Clearaudio Innovation_wood_Front_w SQ

The absolute stasis of the LP standard must be one of vinyl’s most reassuring qualities. The format and all its specifications were effectively settled over 70 years ago, with little changed since the expansion to stereo microgroove in 1958. In other words, any LP pressed from the 1960s to the ’90s plays with the same set-up as one made in the third decade of the 21st century.

So in contrast to most things digital since the CD, a record player does not demand software updates to adapt to new format variations or revisions in technology. And just as usefully, given the time over which established turntable brands have been working on their hardware, there’s usually little to patch once a product has been released.

Upgrades can and do appear on even mature models though, such as Clearaudio’s leading Innovation deck, first launched in 2009. A few small running changes have been made but as a development of the stable and already well-developed Reference series before it, there was nothing terribly broke that needed fixing.

Then after over a decade, and just like the proverbial bus, two upgrades come along at (almost) once. Both upgrades are power supplies, perhaps the least flashy but nearly always the most pivotal part of any audio kit, the turntable included. Either PSU will replace the switch-mode power supply, the proverbial wall-wart, that came with the original deck and all the iterations that have followed.

Technology revisited

Since it’s had little press attention in the intervening time, it will be useful to recap on the Innovation story. Like the Clearaudio Master Reference from which it evolved, the Innovation is a fixed-plinth design built around an extremely stiff three-legged chassis made from high-tech panzerholz. This is essentially armoured wood, highly compressed hardwood impregnated with phenolic resin, sandwiched between two thin aluminium sheets. The result is not only strong – bullet-proof we understand – but exceptionally well damped and therefore has very little ‘ring’.

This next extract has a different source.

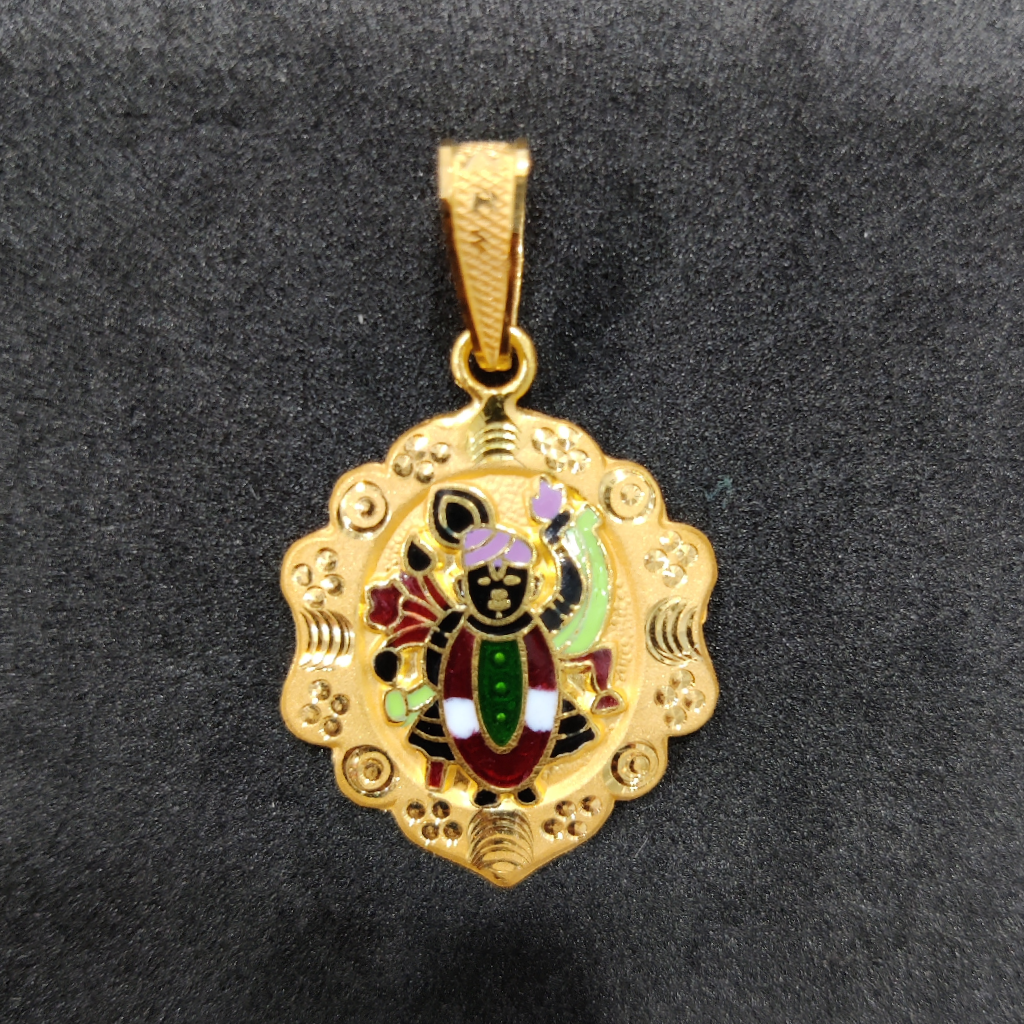 916 Gold Shreenathji Minakari Pendant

The platter is a deep slice of plastic 67mm thick, either matt-finished acrylic for the lighter finish, or polyoxymethylene (POM) for the dark. The model tested had an acrylic platter weighing a rather massive 6kg, but this is outdone by a lower sub-platter of 15-mm thick stainless steel that weighs nearly 9kg alone. Together, the platter assembly represents more than half the all-up weight of the deck’s 22kg mass. Take the POM option and expect even greater platter weight, since the latter material is around 20% denser than acrylic.

That could be a burden on a regular hardened-steel bearing point, except the Innovation also utilises a Ceramic Magnetic Bearing (CMB). This neat design, awarded a patent in Germany in 2007 and originally offered as an upgrade for the Master Reference, uses powerful neodymium-iron magnets in opposition to completely levitate the massive platter, then centres it on a ceramic bearing spindle in sintered-bronze housing. The ceramic also helps to reduce upward conduction of residual fields to the platter surface, where magnet-based cartridges are known to skate.

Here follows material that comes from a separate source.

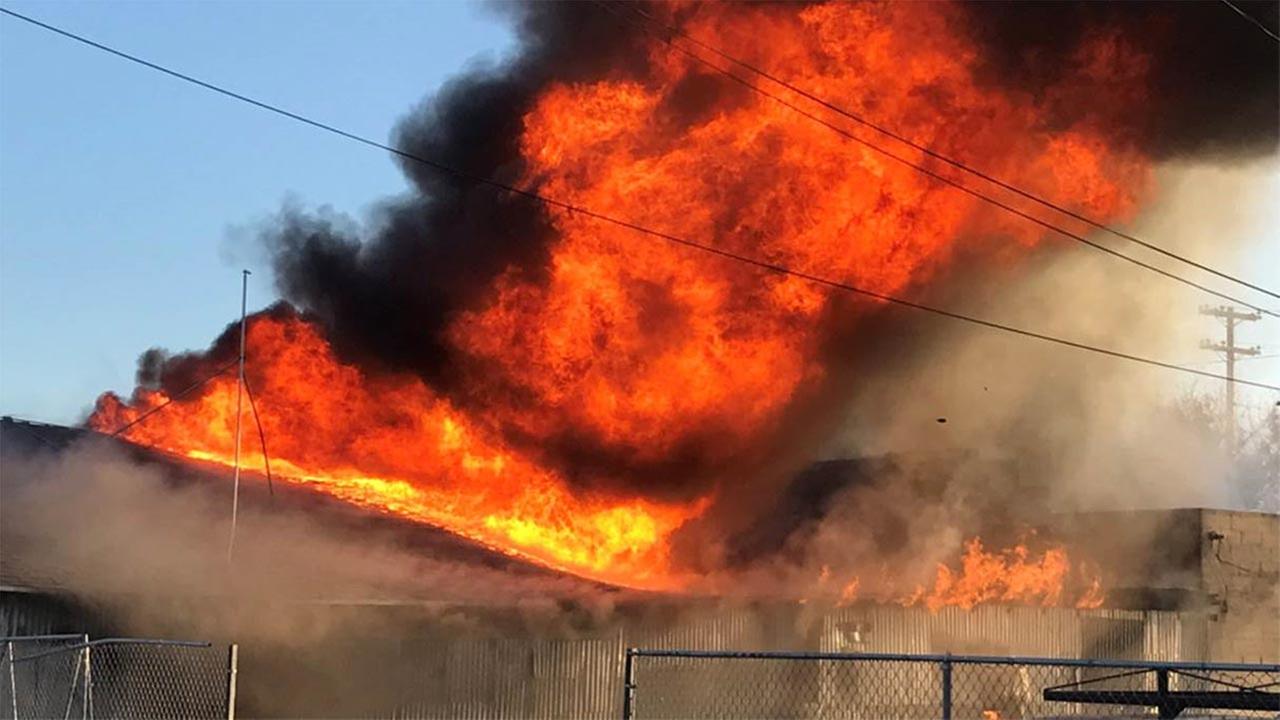 Crews battle 2-alarm fire in Huron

The Innovation of 2009 went from a one-off to a series when it was joined first by the superdeck version Master Innovation in 2013. This doubled up on the panzerholz chassis to incorporate another sub-platter, this time magnetically-coupled like Clearaudio’s Statement überdeck. Then came the Compact in 2015 which removed one slice of the standard two-tier chassis and dropped the steel sub-platter; and finally the Basic the following year, which was a Compact further slimmed down by halving platter height to 38mm.

It’s worth noting that the Innovation series’ main advance on the Reference was in the use of a single high-torque DC motor, instead of up to three AC motors on the Master Reference. And it’s this solitary DC motor that is now receiving the attention of two different new power supplies.

Power play

First to market was the Smart Power 24V, a sophisticated battery-based PSU that Clearaudio offers as the ultimate supply for the Innovation. This deserves and will receive a review in its own right, but for the moment the focus is on the newer 2022 option, the Professional Power 24V, a simpler fit-and-forget outboard box to feed the deck’s DC motor.

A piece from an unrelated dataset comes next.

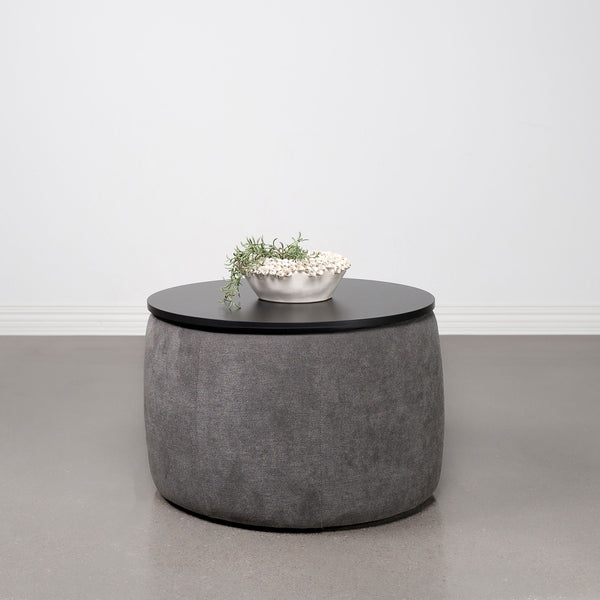 English Elm Reeves Plush Grey Chenille Round Lift-Top Storage Ottoman with Engineered Wood Top, Compact Elegance B062P299971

‘Box’ is used loosely here, since the PP24V is built into a cylindrical aluminium barrel a little larger than a soup tin, 128mm long and 91mm in diameter. At £740 it’s around one-third the price of the £2,630 Smart Power, considerably smaller and easier to find space for on a nearby shelf.

It takes a standard IEC C13 mains cable and has a fixed 1.4m cable to plug into the inlet on the rearmost turret-leg of the Innovation. Also on the back is a grounding post, handy for those that like to experiment with system earths or use CAD or Nordost grounding boxes. On the front is a single power switch and blue LED.

Unlike the original wall-wart supply (and the charging circuit of Smart Power) the PP24V is a purely linear supply with no HF switching, although it does feature a simple 8-bit microcontroller to handle its delayed switch-on with flashing LED.

Inside the tube a toroidal transformer sits on a compliant mount to reduce mechanical vibration output and microphonic input. After rectification by diode bridge the PP24V takes a capacitor multiplier circuit to regulate the DC, centred on a MOSFET heatsinked to the front panel that can handle the inrush current from a capacitor filter bank. The system is protected by an oversized US-style fuse, with final passive filtering after this to reduce all-important output impedance.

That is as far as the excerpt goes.